The threshold above which employers should be obliged to report their ethnicity pay gap should be 50 employees, according to a survey of accounting professionals.
The suggestion from the Association of Accounting Technicians (AAT) comes half way through a three-month government consultation into how ethnicity pay information should be reported by employers and who should be expected to report.
AAT research showed a clear majority of its members favoured a reporting threshold well below the 250 employees threshold in place for gender pay gap reporting.
Almost half (47%) would like reporting requirements to be applied to companies employing more than 50 employees, but one in five (19%) would go even further, suggesting ethnicity pay gap reporting for businesses employing more than 10 staff.
Ethnicity pay gaps
The AAT survey also showed that its members backed an obligation for companies to publish action plans detailing how they will improve their ethnicity pay gap.
AAT’s survey revealed that 50% believed the key benefit of ethnicity pay gap reporting would be improving social justice, 10% thought it would improve company performance and 2% of respondents stated it would create financial benefits.
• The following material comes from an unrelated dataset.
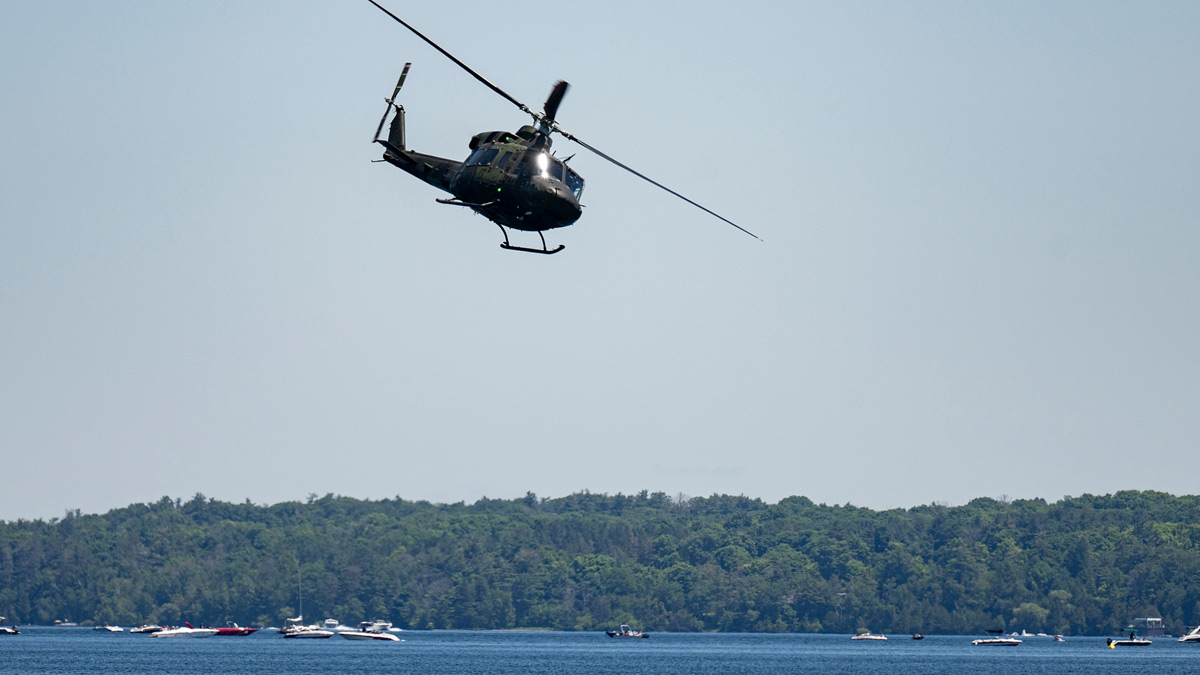 Helicopter flying over Kempenfelt Bay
One in five (21%) believed that all three of these benefits would be realised.
Phil Hall, head of public policy at the AAT, said: “Ethnicity pay reporting could have numerous benefits for employers, employees and the wider economy, as demonstrated by the views of our members. That said, we also recognise that more needs to be done to ensure these requirements are meaningful and lead to sustainable and positive changes.”
Kelly Tolhurst, minister for small business, consumers and corporate responsibility, who launched the ethnicity pay consultation said: “Transparency is a vital first step towards harnessing the power of a diverse workforce. We have seen the power of transparency in gender pay gap reporting.
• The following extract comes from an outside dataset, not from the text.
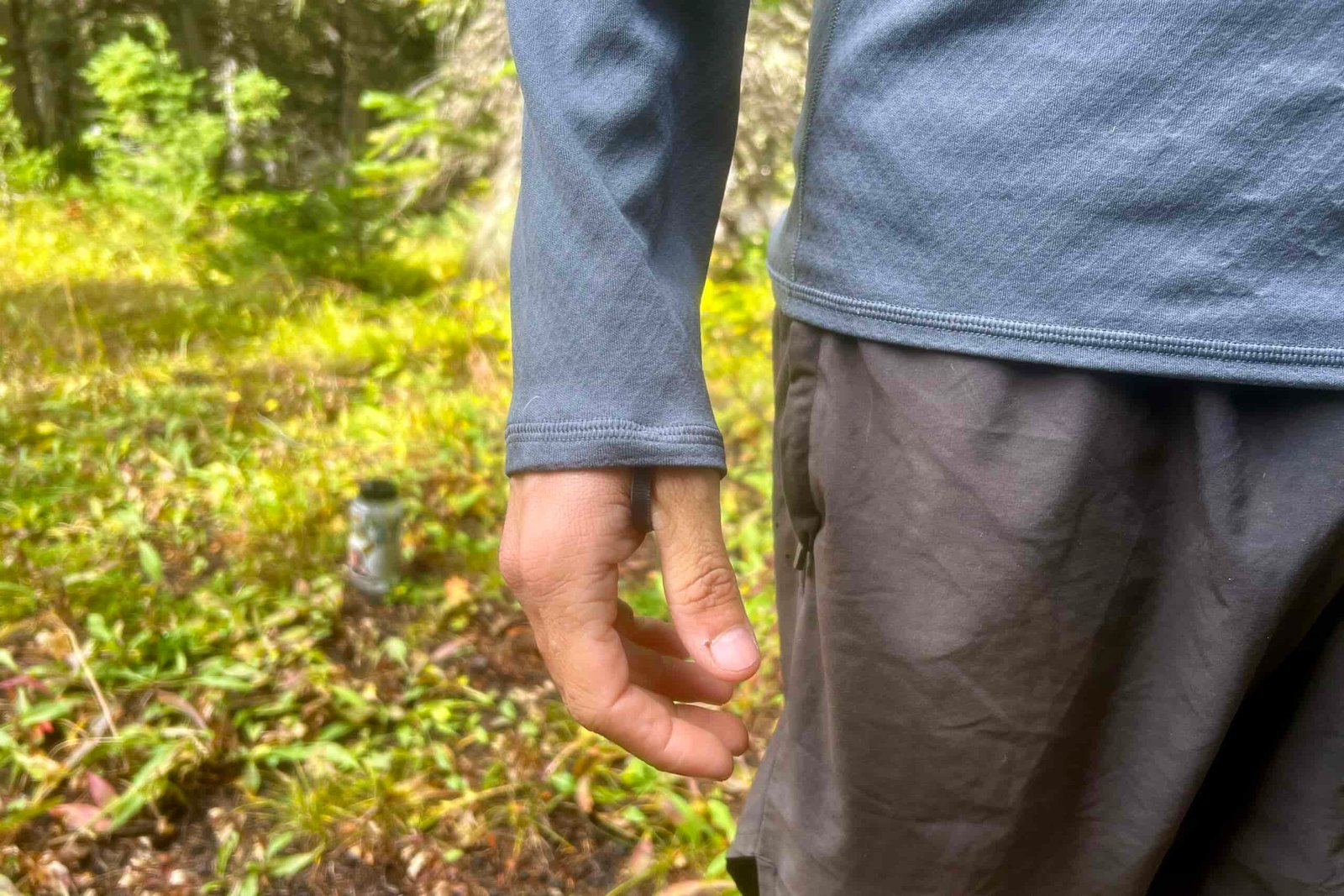 A close up of the wrists on the Patagonia Capilene. Trees are in the background.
“Reporting ethnicity pay information enables employers to identify – and then tackle – barriers to creating a truly diverse workforce. If there is a consistent approach to reporting, they can also benchmark and measure their progress by comparing themselves to other employers and learn from them.”
The professional accountancy body has more than 140,000 members, 13% of whom identify as black and minority ethnic.
Hall added: “Ninety-nine per cent of UK businesses employ less than 250 people so reducing the Ethnicity Pay Gap at smaller companies is likely to lead to much more compelling outcomes than simply requiring change at very large companies. That’s why AAT would like to see these requirements in place for all companies employing more than 50 employees.”
The government consultation ends on 11 January 2019.